Consider an optimal stopping problem in which the optimality equation takes the form

$$F_{t}(x)=\max \left\{r(x), E\left[F_{t+1}\left(x_{t+1}\right)\right]\right\}, \quad t=1, \ldots, N-1,$$

$F_{N}(x)=r(x)$, and where $r(x)>0$ for all $x$. Let $S$ denote the stopping set of the onestep-look-ahead rule. Show that if $S$ is closed (in a sense you should explain) then the one-step-look-ahead rule is optimal.

$N$ biased coins are to be tossed successively. The probability that the $i$ th coin toss will show a head is known to be $p_{i}\left(0<p_{i}<1\right)$. At most once, after observing a head, and before tossing the next coin, you may guess that you have just seen the last head (i.e. that all subsequent tosses will show tails).
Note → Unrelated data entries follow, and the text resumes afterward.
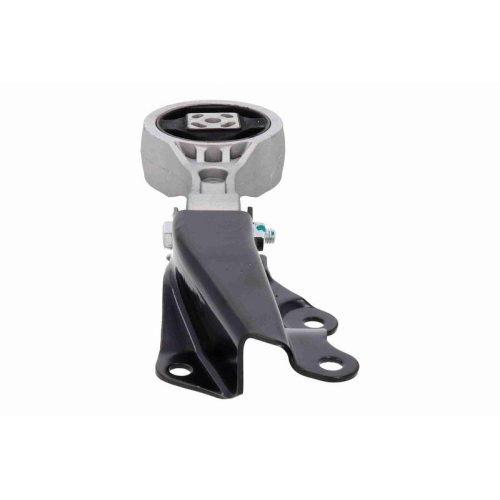 VAICO Lagerung, Motor Original VAICO Qualit&auml;t V10-7586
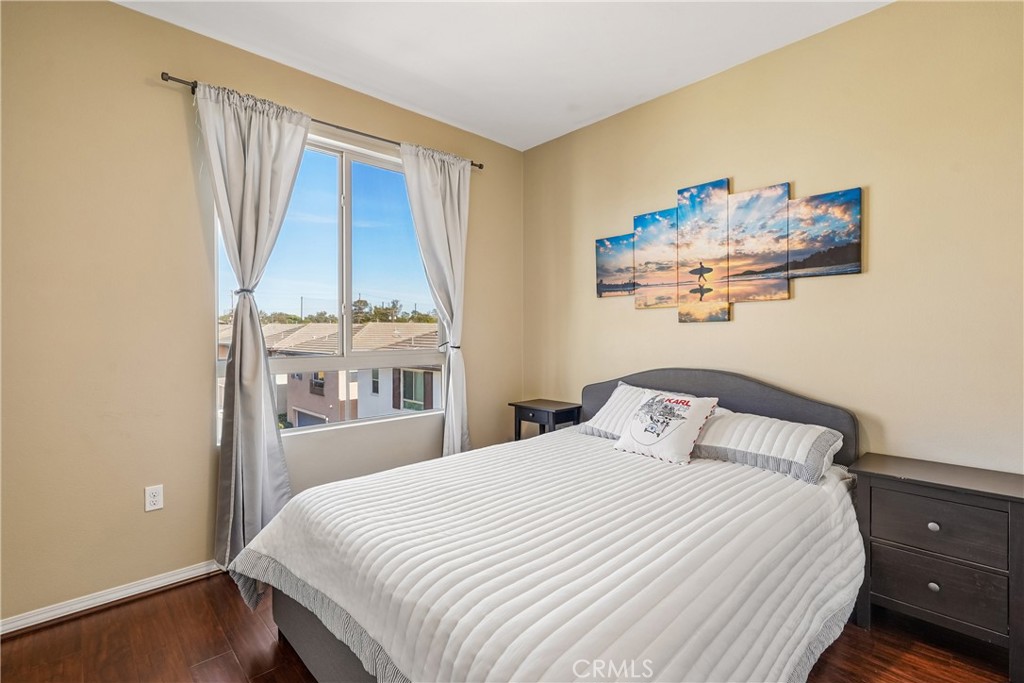 12041 Stanley Park Court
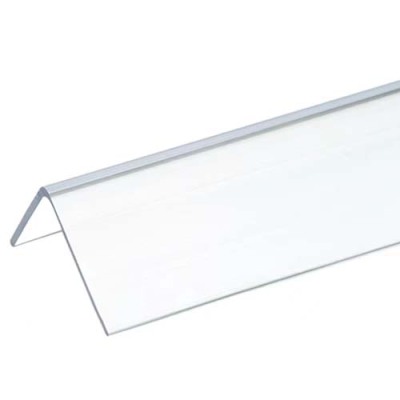 西藏敬老院防撞伤护角条/防划伤护角条外资企业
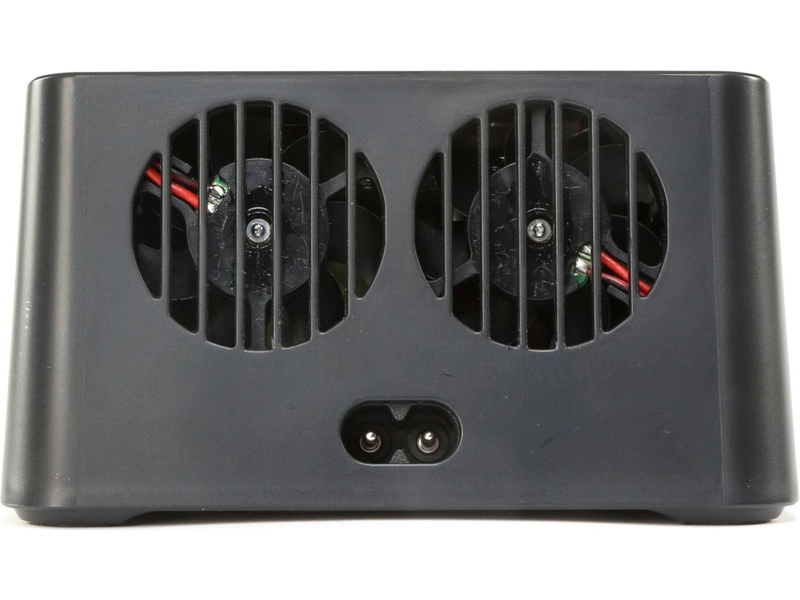 Spektrum Smart Powerstage 8S 100C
If your guess turns out to be correct then you win $£ 1$.

Suppose that you have not yet guessed 'last head', and the $i$ th toss is a head. Show that it cannot be optimal to guess that this is the last head if

$$\frac{p_{i+1}}{q_{i+1}}+\cdots+\frac{p_{N}}{q_{N}}>1$$

where $q_{j}=1-p_{j}$.

Suppose that $p_{i}=1 / i$. Show that it is optimal to guess that the last head is the first head (if any) to occur after having tossed at least $i^{*}$ coins, where $i^{*} \approx N / e$ when $N$ is large.